La Chose, face à sa remarque, sourit. Et Laura sentit les couches se raffermir pour dissimuler le fond qu'elle avait entrevue. Cela lui suffit à ne pas tomber dans l'imprudence de clamer haut et fort qu'avec son Tranchecœur, rien ne pouvait lui arriver. Car la Chose, si imposture soit-elle, restait une force de la nature au même titre que la Vérité. Elle devait s'en méfier et suivre la maigre piste de sa découverte pour percer à jour les faiblesses de cet ennemi invincible.
— Tu es impertinente, je te l'accorde. Non pas que ça me déplaise… Mais je dois te prévenir : si tu tentes quoi que ce soit contre moi ou mes plans, je ramènerais Yannis dans ce monde pour que son existence te bannisse de nouveau dans les Limbes. Suis-je clair ?
— Très, répondit-elle avec déférence.
— Bien. Je te contacterais en temps et en heure. Prends des vacances pour l'instant et amuse-toi.
Il se dirigea vers la porte, et Laura se rendit compte que l'épée-Tranchecoeur n'était pas dans sa main ; à la place, le hachoir rouillé pendait à sa ceinture. Le Tranchecœur avait déjà senti que la Chose était un danger pour Laura et que l'artéfact devait se dissimuler. Avant de sortir, la Chose dit.

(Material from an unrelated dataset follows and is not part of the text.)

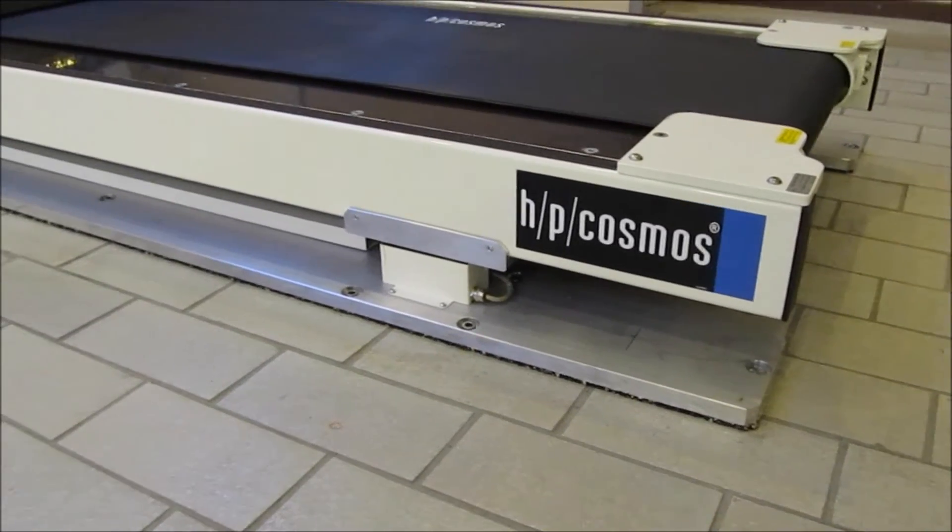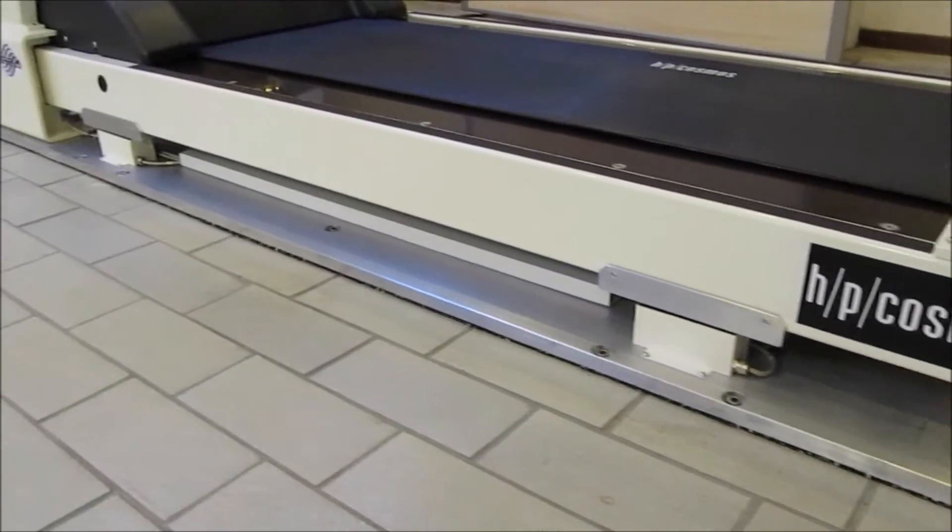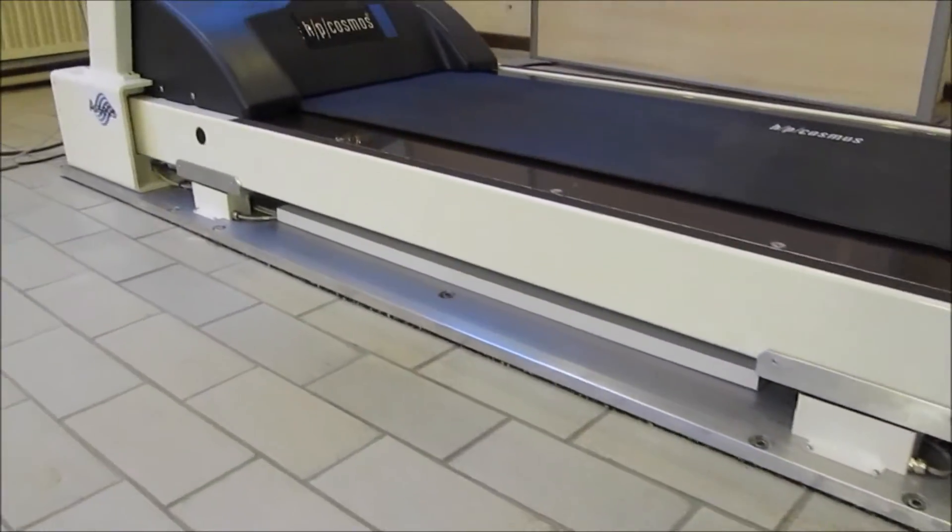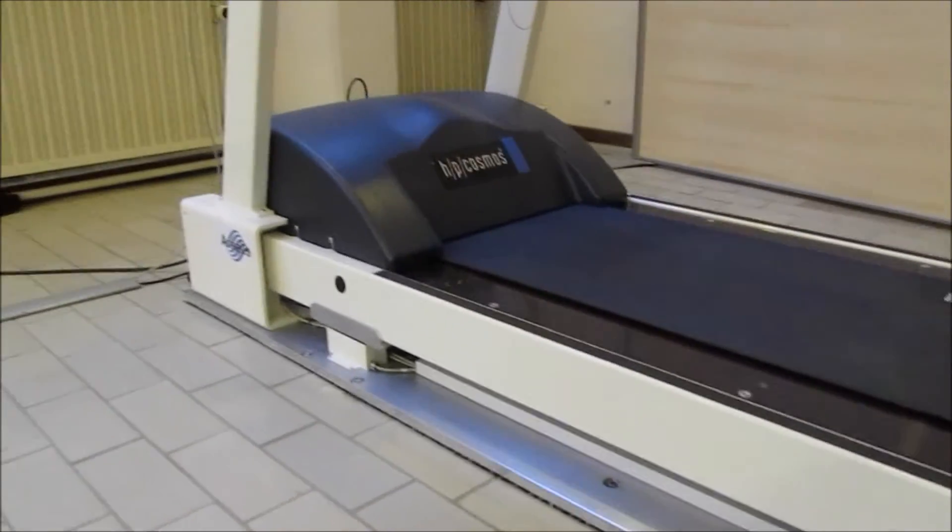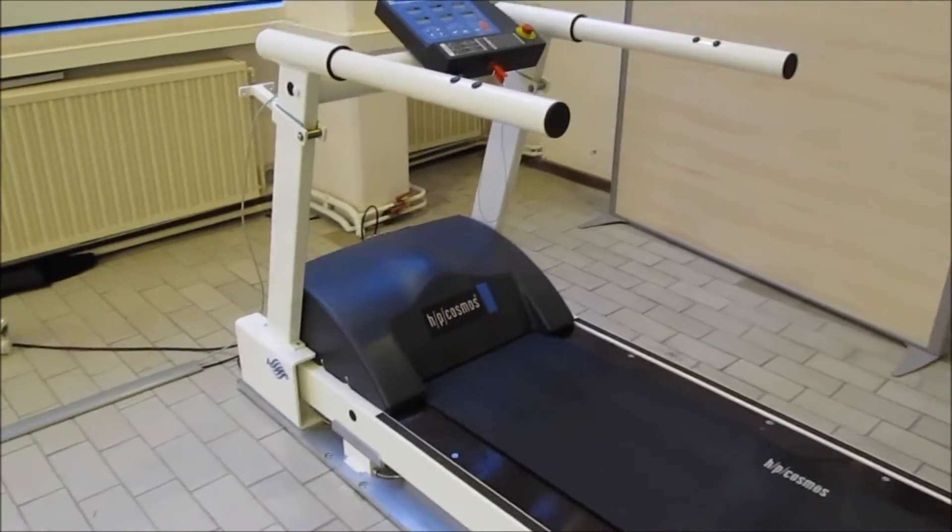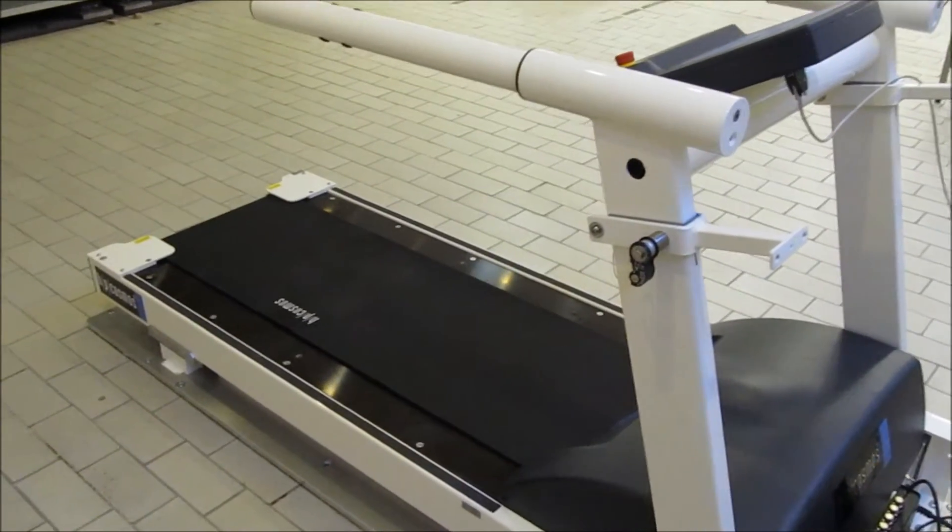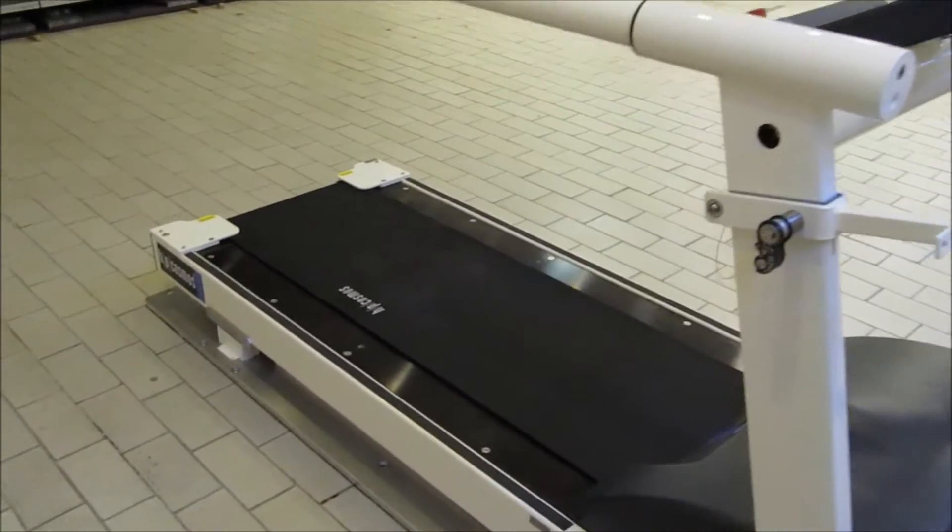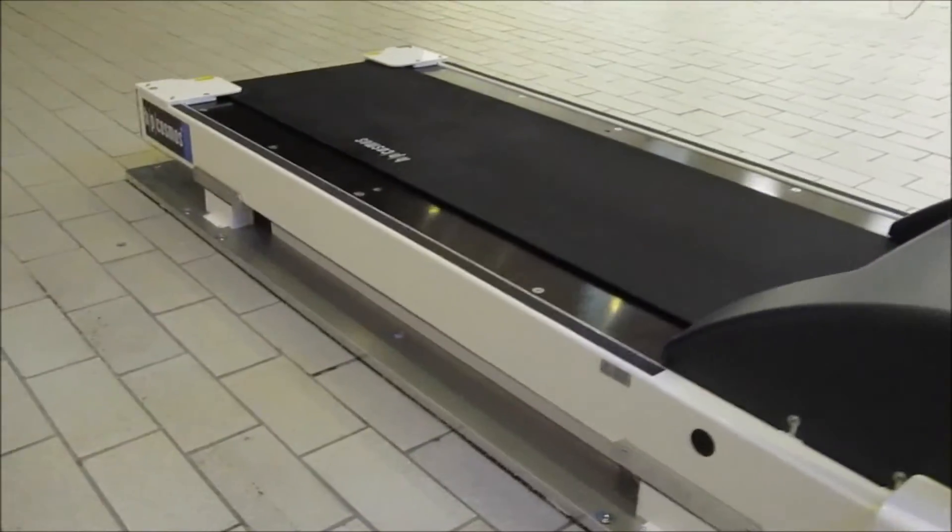The treadmill feet and elevation system are replaced with 3-dimensional load cells that can measure forces up to 1 ton in each direction. The load cells are mounted to a dedicated frame that is bolted to the floor.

— Ah oui, ton frère m'a appelé : il veut te voir pour affaires – la Chose lâcha son sourire le plus paternel – Ne l'embête pas trop, tu veux ? J'ai été dur avec lui et il cherche encore à faire ses preuves. C'est un bon garçon.
— Je ne manquerais pas de le lui rappeler, mentit Laura.
Elle se dit qu'Eikorna avait un plan. Avec le vrai Tranchecœur, Laura l'aiderait puis irait rejoindre Ludwig. La guerre était à leurs portes, pourtant Laura ne s'était jamais sentie aussi peu nihiliste.